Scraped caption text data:
######

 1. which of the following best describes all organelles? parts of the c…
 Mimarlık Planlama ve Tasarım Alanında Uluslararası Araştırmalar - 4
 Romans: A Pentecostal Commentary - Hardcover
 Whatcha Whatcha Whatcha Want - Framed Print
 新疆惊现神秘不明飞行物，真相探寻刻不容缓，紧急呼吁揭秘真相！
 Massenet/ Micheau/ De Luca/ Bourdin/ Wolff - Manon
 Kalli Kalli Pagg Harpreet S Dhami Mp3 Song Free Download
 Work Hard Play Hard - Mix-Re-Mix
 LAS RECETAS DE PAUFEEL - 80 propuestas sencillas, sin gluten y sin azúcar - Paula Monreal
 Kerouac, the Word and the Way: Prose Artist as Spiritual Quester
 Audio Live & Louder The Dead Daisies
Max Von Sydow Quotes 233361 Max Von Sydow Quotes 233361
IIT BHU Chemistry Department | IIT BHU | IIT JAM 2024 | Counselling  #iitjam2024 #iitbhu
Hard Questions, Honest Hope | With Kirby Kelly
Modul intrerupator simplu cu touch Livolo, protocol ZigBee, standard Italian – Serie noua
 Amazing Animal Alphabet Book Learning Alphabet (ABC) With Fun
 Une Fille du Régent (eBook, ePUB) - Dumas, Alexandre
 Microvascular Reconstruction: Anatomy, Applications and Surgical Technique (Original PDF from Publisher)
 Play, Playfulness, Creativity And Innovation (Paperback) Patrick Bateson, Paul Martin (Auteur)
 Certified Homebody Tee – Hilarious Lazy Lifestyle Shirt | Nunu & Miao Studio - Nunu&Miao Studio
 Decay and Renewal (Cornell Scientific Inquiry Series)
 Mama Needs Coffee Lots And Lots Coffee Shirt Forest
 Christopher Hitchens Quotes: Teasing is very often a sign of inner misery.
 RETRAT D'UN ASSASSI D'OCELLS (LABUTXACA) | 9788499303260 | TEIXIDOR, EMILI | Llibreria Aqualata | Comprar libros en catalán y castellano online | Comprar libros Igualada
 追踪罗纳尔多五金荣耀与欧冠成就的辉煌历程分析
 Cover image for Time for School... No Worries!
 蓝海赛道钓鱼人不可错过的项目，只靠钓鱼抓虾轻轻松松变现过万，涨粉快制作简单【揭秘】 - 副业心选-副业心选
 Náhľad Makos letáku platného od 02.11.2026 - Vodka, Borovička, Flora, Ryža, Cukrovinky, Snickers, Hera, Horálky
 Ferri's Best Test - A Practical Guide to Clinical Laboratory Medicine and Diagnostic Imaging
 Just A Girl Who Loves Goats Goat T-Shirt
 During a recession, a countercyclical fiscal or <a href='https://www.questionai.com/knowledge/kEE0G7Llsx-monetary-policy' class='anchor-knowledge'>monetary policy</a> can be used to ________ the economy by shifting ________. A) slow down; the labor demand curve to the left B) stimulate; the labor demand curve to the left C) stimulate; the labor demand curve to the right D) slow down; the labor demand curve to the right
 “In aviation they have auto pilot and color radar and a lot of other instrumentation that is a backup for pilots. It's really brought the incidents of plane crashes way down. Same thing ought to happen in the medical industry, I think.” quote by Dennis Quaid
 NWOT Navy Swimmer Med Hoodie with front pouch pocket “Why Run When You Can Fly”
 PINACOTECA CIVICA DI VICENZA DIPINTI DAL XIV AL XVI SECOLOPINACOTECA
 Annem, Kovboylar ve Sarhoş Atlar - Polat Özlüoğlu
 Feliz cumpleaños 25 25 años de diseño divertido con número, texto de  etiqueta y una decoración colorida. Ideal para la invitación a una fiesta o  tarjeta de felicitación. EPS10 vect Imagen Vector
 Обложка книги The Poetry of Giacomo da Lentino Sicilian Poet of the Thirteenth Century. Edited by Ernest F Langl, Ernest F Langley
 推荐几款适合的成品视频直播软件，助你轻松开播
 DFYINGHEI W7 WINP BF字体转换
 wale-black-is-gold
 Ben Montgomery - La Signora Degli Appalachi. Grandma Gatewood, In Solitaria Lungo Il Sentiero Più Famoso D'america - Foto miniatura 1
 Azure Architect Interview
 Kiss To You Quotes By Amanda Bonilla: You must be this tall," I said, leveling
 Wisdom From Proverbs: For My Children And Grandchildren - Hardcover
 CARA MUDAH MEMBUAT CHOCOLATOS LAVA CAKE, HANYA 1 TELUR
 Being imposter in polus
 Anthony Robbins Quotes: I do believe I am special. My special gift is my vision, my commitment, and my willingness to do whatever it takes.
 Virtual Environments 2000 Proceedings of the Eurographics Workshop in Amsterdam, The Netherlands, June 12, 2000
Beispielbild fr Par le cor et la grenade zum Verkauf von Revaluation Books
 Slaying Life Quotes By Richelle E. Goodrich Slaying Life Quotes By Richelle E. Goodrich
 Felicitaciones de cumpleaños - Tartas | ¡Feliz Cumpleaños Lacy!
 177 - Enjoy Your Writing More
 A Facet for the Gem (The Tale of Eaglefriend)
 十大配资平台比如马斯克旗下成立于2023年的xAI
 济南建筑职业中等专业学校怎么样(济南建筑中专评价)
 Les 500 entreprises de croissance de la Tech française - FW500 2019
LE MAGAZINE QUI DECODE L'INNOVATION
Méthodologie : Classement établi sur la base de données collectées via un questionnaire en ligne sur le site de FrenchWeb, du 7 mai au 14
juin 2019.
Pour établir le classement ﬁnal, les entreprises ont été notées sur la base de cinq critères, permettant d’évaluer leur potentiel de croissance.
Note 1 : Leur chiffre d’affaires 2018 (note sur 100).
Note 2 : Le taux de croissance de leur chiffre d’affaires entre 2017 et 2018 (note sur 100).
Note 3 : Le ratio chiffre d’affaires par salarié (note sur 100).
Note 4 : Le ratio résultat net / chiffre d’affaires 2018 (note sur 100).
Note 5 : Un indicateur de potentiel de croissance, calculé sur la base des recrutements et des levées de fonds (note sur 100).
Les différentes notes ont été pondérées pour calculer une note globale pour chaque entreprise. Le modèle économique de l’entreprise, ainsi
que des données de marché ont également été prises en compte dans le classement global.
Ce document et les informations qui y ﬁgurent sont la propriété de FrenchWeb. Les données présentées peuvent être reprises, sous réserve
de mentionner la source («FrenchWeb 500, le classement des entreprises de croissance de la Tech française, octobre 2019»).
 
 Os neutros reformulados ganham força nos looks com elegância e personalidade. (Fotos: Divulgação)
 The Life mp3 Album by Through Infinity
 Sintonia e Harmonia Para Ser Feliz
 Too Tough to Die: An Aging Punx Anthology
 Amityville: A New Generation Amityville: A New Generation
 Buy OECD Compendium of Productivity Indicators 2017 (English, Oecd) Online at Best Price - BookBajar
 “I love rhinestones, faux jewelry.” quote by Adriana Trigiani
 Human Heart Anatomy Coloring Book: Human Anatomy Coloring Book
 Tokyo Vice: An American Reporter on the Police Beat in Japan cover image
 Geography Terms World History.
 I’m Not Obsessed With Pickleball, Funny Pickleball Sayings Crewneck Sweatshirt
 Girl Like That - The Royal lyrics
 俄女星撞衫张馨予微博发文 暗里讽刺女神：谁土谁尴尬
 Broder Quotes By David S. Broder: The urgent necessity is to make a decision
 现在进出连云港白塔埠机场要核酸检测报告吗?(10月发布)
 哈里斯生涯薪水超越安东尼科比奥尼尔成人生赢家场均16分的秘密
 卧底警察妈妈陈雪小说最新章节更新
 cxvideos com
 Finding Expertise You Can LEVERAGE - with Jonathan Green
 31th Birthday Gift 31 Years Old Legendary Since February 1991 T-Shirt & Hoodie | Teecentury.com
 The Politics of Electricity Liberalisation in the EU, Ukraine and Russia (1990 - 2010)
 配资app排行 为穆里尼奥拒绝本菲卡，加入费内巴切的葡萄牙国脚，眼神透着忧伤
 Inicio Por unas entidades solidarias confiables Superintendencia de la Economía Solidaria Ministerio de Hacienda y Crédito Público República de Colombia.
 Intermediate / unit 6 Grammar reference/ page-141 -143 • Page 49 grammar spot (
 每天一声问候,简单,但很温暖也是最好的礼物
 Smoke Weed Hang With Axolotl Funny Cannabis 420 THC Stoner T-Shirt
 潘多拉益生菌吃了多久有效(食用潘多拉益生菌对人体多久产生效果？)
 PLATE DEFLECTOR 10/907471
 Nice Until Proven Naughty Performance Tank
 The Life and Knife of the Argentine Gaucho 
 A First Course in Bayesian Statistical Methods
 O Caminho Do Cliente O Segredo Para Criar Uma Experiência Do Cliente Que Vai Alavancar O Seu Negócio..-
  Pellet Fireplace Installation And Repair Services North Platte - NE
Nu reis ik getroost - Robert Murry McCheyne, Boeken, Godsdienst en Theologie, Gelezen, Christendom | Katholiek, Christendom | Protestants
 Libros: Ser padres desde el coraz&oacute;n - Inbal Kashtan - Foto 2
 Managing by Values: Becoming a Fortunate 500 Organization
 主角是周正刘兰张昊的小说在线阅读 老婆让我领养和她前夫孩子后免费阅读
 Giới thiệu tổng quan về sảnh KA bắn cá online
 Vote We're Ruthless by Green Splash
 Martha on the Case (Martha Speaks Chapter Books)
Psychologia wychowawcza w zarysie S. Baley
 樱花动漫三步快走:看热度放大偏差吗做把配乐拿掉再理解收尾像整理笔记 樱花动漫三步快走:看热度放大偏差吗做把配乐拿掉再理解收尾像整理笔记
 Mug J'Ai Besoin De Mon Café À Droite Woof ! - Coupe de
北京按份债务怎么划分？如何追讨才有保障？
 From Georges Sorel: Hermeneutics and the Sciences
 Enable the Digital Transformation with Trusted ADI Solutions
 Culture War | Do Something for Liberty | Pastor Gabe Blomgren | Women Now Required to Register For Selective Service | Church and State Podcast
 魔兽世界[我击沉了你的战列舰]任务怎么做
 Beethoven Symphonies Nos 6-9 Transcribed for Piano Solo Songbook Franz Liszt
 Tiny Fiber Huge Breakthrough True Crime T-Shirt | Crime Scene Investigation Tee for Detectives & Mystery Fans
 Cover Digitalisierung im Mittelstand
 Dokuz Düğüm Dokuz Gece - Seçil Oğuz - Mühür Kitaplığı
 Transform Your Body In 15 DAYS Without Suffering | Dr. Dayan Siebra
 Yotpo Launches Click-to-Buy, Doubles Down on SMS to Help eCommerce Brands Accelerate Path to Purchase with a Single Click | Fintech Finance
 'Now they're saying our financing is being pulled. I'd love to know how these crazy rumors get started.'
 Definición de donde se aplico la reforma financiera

######

ABOUT THIS EXERCISE. In the records above, the line with "Nice Until Proven Naughty Performance Tank" marks the start and the line with "Transform Your Body" marks the end; copy that stretch exactly, both lines included, and nothing else.

OUTPUT.
 Nice Until Proven Naughty Performance Tank
 The Life and Knife of the Argentine Gaucho 
 A First Course in Bayesian Statistical Methods
 O Caminho Do Cliente O Segredo Para Criar Uma Experiência Do Cliente Que Vai Alavancar O Seu Negócio..-
  Pellet Fireplace Installation And Repair Services North Platte - NE
Nu reis ik getroost - Robert Murry McCheyne, Boeken, Godsdienst en Theologie, Gelezen, Christendom | Katholiek, Christendom | Protestants
 Libros: Ser padres desde el coraz&oacute;n - Inbal Kashtan - Foto 2
 Managing by Values: Becoming a Fortunate 500 Organization
 主角是周正刘兰张昊的小说在线阅读 老婆让我领养和她前夫孩子后免费阅读
 Giới thiệu tổng quan về sảnh KA bắn cá online
 Vote We're Ruthless by Green Splash
 Martha on the Case (Martha Speaks Chapter Books)
Psychologia wychowawcza w zarysie S. Baley
 樱花动漫三步快走:看热度放大偏差吗做把配乐拿掉再理解收尾像整理笔记 樱花动漫三步快走:看热度放大偏差吗做把配乐拿掉再理解收尾像整理笔记
 Mug J'Ai Besoin De Mon Café À Droite Woof ! - Coupe de
北京按份债务怎么划分？如何追讨才有保障？
 From Georges Sorel: Hermeneutics and the Sciences
 Enable the Digital Transformation with Trusted ADI Solutions
 Culture War | Do Something for Liberty | Pastor Gabe Blomgren | Women Now Required to Register For Selective Service | Church and State Podcast
 魔兽世界[我击沉了你的战列舰]任务怎么做
 Beethoven Symphonies Nos 6-9 Transcribed for Piano Solo Songbook Franz Liszt
 Tiny Fiber Huge Breakthrough True Crime T-Shirt | Crime Scene Investigation Tee for Detectives & Mystery Fans
 Cover Digitalisierung im Mittelstand
 Dokuz Düğüm Dokuz Gece - Seçil Oğuz - Mühür Kitaplığı
 Transform Your Body In 15 DAYS Without Suffering | Dr. Dayan Siebra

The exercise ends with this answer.